──────── DATA FOR ANALYSIS

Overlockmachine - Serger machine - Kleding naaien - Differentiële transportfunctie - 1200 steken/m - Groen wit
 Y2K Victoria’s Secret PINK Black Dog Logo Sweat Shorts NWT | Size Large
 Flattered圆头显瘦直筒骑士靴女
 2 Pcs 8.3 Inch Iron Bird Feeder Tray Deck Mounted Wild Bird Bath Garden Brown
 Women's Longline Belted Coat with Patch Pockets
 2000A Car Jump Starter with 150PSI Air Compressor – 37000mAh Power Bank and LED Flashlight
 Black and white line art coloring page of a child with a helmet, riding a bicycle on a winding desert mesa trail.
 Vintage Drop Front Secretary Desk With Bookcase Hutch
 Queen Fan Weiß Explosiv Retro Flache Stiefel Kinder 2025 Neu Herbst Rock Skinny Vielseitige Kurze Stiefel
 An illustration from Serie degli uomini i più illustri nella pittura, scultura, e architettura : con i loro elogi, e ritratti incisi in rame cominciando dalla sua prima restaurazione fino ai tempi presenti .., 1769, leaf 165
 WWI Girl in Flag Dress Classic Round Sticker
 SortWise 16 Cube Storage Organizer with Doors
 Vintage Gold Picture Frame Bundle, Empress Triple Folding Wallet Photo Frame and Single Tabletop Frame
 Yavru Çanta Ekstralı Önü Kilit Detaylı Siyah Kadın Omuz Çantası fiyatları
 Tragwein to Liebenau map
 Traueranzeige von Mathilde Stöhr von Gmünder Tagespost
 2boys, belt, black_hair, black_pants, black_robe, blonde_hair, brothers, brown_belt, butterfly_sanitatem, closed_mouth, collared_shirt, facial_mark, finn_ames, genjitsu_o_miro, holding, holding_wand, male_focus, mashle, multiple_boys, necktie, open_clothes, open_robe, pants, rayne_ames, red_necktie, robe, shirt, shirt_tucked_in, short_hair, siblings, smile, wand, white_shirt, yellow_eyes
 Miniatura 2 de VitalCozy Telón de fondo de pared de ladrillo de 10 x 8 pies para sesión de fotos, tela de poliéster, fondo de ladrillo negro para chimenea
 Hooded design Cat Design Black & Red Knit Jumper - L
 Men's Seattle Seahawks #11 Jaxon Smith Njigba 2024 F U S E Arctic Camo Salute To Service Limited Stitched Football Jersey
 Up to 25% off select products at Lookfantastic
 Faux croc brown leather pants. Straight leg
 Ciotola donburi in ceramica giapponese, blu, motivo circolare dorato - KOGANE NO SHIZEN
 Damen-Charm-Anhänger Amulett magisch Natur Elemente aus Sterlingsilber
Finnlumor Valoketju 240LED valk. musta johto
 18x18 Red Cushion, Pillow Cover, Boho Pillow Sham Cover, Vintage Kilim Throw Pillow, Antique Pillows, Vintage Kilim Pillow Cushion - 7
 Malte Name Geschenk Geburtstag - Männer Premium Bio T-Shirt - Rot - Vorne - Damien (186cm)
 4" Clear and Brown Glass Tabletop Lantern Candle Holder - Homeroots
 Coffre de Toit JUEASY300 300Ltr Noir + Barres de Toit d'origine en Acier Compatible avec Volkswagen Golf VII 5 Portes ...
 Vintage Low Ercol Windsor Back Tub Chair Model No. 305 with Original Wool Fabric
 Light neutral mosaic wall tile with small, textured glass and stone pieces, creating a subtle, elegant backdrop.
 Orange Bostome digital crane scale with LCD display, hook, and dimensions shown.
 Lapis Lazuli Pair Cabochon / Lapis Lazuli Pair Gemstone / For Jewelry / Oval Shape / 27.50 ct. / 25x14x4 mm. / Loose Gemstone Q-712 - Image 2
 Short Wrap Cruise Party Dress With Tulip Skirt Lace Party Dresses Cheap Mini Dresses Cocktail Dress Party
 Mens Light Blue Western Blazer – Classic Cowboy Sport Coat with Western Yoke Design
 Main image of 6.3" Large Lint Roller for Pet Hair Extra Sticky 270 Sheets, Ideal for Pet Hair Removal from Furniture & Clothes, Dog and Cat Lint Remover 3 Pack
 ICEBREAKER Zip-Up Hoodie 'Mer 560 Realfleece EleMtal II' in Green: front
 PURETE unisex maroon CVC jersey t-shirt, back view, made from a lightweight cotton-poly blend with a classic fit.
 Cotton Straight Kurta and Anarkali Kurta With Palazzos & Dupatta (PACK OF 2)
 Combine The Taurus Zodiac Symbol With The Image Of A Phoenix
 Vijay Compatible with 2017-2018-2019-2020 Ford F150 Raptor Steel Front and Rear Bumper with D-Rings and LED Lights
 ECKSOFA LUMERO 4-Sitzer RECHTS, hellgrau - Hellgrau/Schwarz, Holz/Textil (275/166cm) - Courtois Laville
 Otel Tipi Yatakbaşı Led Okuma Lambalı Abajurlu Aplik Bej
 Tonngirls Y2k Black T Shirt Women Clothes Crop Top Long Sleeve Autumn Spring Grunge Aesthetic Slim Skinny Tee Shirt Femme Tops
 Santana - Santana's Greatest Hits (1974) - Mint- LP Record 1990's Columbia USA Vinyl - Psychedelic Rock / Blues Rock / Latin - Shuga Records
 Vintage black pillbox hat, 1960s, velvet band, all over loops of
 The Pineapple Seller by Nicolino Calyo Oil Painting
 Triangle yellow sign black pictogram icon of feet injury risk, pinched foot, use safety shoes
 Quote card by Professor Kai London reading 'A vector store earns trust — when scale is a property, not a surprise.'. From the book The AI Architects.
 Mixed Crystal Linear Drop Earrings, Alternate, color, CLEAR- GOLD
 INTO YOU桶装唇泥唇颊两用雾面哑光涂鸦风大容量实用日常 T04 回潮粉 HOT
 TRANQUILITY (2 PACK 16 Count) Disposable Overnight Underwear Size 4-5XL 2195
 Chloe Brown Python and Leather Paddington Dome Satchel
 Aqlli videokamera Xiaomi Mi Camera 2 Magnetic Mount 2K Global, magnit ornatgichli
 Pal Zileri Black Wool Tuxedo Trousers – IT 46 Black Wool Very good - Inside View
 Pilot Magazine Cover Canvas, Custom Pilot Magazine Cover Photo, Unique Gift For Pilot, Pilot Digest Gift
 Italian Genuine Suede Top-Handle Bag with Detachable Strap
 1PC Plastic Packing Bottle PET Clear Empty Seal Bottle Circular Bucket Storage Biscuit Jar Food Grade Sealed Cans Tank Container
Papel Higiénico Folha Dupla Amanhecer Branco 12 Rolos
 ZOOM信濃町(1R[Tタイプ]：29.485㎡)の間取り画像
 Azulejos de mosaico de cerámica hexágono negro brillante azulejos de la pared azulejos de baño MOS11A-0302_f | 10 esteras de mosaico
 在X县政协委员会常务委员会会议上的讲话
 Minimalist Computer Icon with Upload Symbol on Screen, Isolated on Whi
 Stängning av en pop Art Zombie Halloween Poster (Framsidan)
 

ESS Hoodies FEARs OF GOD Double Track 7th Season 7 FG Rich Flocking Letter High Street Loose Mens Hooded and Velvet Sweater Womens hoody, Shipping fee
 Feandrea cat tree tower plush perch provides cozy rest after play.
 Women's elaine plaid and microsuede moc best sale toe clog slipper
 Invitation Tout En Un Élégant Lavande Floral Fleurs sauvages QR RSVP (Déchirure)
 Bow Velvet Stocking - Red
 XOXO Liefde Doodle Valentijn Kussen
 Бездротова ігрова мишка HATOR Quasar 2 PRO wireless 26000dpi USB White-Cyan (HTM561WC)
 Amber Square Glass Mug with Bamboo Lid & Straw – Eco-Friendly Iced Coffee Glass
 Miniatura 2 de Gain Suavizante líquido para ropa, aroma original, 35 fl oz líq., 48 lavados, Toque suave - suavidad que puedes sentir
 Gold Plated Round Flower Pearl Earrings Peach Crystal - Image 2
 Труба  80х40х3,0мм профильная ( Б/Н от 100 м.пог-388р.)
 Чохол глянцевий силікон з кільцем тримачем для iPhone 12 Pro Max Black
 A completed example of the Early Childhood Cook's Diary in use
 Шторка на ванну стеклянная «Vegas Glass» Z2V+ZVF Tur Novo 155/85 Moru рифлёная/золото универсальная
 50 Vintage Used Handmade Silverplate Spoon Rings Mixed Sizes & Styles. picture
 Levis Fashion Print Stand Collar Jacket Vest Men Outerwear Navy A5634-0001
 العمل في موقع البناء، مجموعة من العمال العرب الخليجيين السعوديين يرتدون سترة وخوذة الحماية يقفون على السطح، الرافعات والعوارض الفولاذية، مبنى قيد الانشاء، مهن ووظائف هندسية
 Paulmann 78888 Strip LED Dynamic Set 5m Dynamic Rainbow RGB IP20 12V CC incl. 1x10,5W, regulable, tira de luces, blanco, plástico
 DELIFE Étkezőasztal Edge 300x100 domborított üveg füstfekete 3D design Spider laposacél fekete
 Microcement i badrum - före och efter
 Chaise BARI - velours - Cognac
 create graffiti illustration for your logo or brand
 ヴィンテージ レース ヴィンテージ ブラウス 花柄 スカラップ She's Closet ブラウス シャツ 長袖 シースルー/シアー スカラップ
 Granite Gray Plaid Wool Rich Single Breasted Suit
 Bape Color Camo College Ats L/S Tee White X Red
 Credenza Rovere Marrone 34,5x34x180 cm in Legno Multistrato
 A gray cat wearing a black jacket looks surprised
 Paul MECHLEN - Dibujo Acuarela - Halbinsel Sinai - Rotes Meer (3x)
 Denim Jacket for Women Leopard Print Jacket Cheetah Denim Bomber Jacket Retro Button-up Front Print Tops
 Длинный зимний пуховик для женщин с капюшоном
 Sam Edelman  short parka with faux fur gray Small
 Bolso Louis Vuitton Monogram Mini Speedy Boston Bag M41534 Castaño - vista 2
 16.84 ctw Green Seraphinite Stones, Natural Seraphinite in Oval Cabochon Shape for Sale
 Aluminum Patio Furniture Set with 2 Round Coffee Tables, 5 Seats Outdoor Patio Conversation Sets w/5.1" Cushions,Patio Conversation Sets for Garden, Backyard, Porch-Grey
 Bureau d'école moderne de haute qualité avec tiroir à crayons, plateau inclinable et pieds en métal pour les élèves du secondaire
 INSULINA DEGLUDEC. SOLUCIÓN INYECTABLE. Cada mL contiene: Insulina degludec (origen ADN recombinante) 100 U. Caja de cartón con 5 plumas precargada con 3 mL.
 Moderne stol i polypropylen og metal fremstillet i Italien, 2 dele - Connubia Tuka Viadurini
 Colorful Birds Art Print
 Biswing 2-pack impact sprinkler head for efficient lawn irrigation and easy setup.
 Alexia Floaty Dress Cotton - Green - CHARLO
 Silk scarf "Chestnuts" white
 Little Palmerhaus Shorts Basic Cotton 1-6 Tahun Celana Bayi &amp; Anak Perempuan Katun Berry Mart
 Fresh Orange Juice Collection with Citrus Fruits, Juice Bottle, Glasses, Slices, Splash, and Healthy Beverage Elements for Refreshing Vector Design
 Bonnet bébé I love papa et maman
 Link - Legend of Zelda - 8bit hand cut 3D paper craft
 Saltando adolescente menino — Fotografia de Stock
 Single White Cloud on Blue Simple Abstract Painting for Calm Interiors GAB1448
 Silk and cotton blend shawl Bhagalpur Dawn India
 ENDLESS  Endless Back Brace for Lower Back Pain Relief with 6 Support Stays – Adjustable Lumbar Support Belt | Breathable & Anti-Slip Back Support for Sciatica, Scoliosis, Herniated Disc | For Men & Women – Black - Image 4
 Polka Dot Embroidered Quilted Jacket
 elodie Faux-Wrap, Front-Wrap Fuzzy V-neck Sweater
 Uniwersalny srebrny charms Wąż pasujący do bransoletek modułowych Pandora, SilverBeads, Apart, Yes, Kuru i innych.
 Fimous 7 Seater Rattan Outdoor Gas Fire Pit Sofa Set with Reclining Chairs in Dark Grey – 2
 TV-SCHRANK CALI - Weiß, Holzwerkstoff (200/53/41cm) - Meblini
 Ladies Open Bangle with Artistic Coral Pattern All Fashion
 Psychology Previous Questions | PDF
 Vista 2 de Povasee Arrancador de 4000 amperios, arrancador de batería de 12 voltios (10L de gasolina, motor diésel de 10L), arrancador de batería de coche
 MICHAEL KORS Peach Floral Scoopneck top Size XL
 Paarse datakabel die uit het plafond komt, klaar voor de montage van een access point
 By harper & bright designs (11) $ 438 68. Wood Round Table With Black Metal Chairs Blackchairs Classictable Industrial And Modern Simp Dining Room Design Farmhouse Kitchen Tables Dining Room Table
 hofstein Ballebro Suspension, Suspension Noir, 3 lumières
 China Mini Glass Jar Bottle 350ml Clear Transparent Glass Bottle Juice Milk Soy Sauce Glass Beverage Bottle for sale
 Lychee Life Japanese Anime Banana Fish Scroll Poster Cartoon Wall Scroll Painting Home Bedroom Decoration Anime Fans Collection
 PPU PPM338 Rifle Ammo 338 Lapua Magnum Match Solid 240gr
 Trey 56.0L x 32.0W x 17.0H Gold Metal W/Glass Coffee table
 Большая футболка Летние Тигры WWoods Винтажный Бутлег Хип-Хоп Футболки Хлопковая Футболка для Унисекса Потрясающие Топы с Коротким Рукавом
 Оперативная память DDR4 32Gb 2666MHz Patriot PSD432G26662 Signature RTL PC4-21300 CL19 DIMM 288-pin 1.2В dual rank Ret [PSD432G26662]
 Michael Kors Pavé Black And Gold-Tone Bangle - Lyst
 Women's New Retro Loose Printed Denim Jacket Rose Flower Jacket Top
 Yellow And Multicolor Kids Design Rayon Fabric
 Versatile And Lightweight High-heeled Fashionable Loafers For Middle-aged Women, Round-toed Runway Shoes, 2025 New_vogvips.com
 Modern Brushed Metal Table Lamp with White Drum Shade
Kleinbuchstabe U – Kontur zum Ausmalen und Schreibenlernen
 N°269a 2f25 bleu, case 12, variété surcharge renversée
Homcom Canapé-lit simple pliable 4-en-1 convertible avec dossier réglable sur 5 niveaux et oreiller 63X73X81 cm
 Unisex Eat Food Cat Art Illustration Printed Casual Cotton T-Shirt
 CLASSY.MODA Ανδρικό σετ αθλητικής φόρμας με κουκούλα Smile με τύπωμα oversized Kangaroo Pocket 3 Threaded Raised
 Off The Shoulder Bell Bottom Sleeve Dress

────────────────

In the listing above, find the line holding "Black - Image 4" and the line holding "China Mini Glass", then output those two lines and every line between them exactly.

 ENDLESS  Endless Back Brace for Lower Back Pain Relief with 6 Support Stays – Adjustable Lumbar Support Belt | Breathable & Anti-Slip Back Support for Sciatica, Scoliosis, Herniated Disc | For Men & Women – Black - Image 4
 Polka Dot Embroidered Quilted Jacket
 elodie Faux-Wrap, Front-Wrap Fuzzy V-neck Sweater
 Uniwersalny srebrny charms Wąż pasujący do bransoletek modułowych Pandora, SilverBeads, Apart, Yes, Kuru i innych.
 Fimous 7 Seater Rattan Outdoor Gas Fire Pit Sofa Set with Reclining Chairs in Dark Grey – 2
 TV-SCHRANK CALI - Weiß, Holzwerkstoff (200/53/41cm) - Meblini
 Ladies Open Bangle with Artistic Coral Pattern All Fashion
 Psychology Previous Questions | PDF
 Vista 2 de Povasee Arrancador de 4000 amperios, arrancador de batería de 12 voltios (10L de gasolina, motor diésel de 10L), arrancador de batería de coche
 MICHAEL KORS Peach Floral Scoopneck top Size XL
 Paarse datakabel die uit het plafond komt, klaar voor de montage van een access point
 By harper & bright designs (11) $ 438 68. Wood Round Table With Black Metal Chairs Blackchairs Classictable Industrial And Modern Simp Dining Room Design Farmhouse Kitchen Tables Dining Room Table
 hofstein Ballebro Suspension, Suspension Noir, 3 lumières
 China Mini Glass Jar Bottle 350ml Clear Transparent Glass Bottle Juice Milk Soy Sauce Glass Beverage Bottle for sale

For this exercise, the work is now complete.